Pictures must not appear in the copy. Restate exactly the lines below from the one with "Künstlerisches gezähltes Kreuzstich-Kit" through the one with "Safety Sign: Emergency", inclusive.

Data for the task:
- - - - -

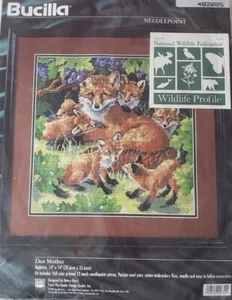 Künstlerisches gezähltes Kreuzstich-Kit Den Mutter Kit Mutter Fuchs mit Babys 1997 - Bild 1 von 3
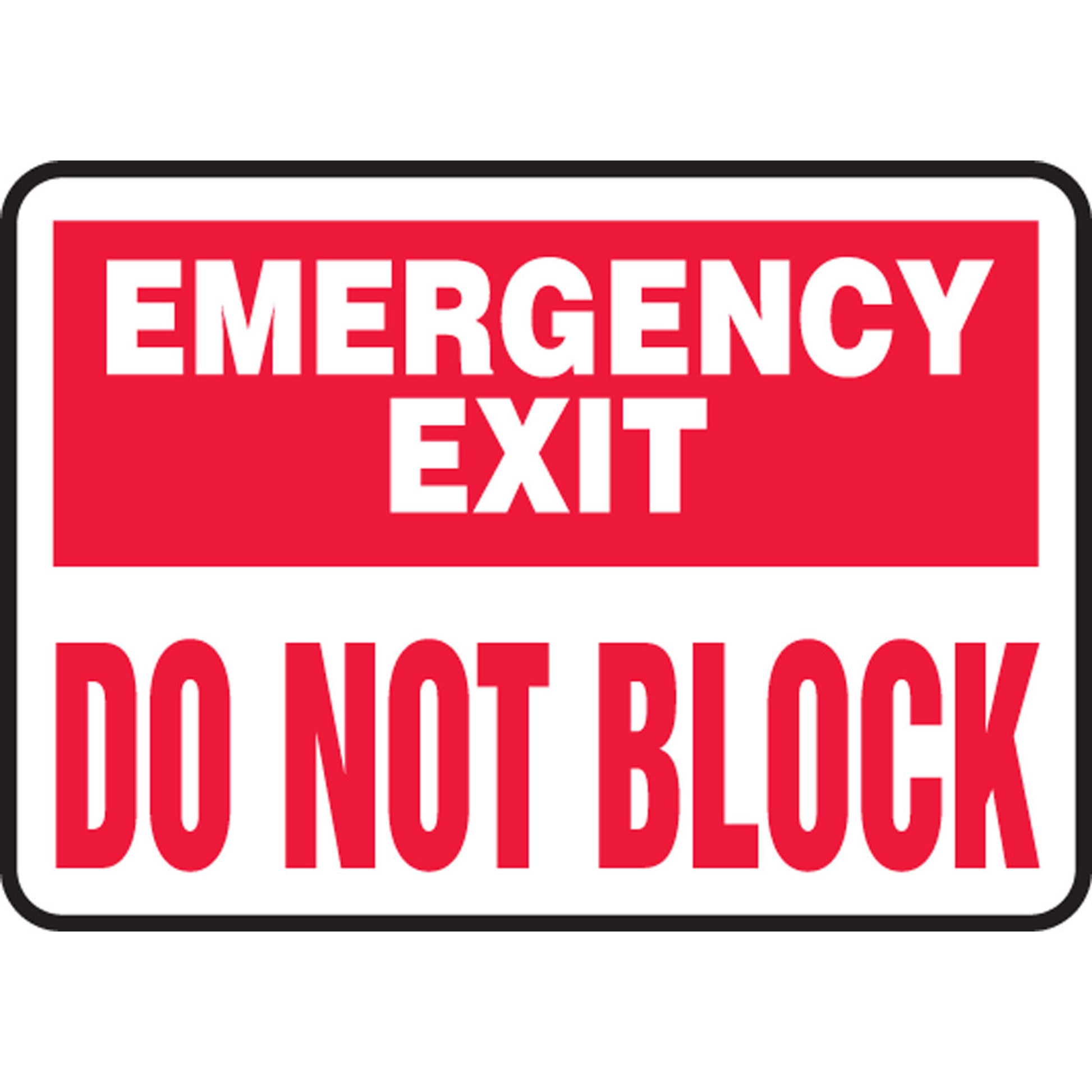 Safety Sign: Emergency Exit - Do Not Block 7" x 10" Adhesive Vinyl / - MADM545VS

- - - - -

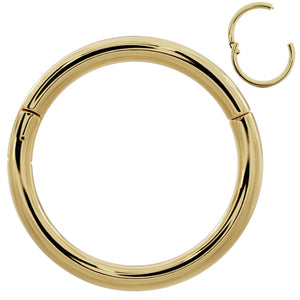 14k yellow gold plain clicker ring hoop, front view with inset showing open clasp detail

- - - - -

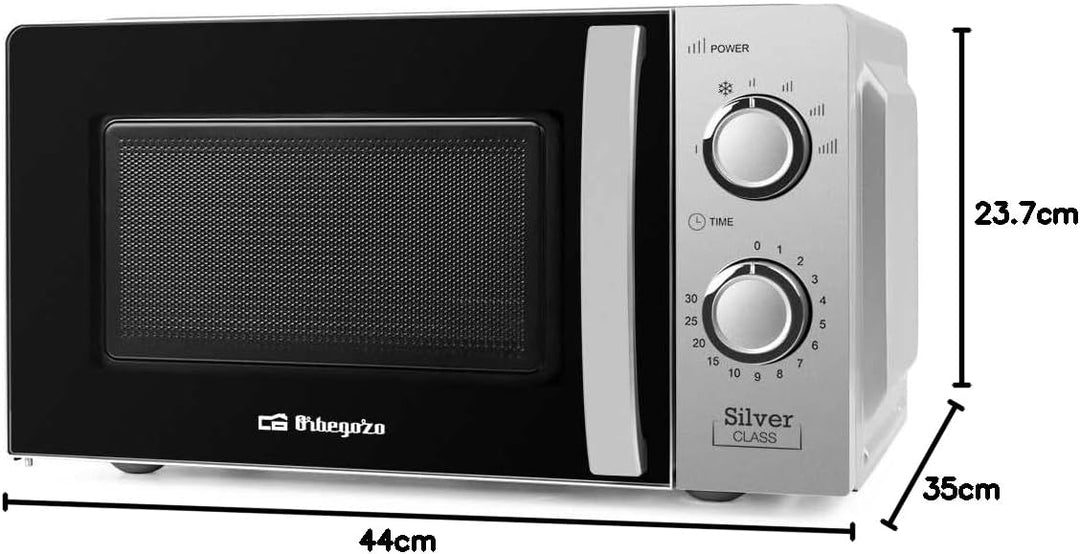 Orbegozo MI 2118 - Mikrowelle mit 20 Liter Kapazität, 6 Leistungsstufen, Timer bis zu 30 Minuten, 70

- - - - -

Answer to the problem:
 Künstlerisches gezähltes Kreuzstich-Kit Den Mutter Kit Mutter Fuchs mit Babys 1997 - Bild 1 von 3
 Safety Sign: Emergency Exit - Do Not Block 7" x 10" Adhesive Vinyl / - MADM545VS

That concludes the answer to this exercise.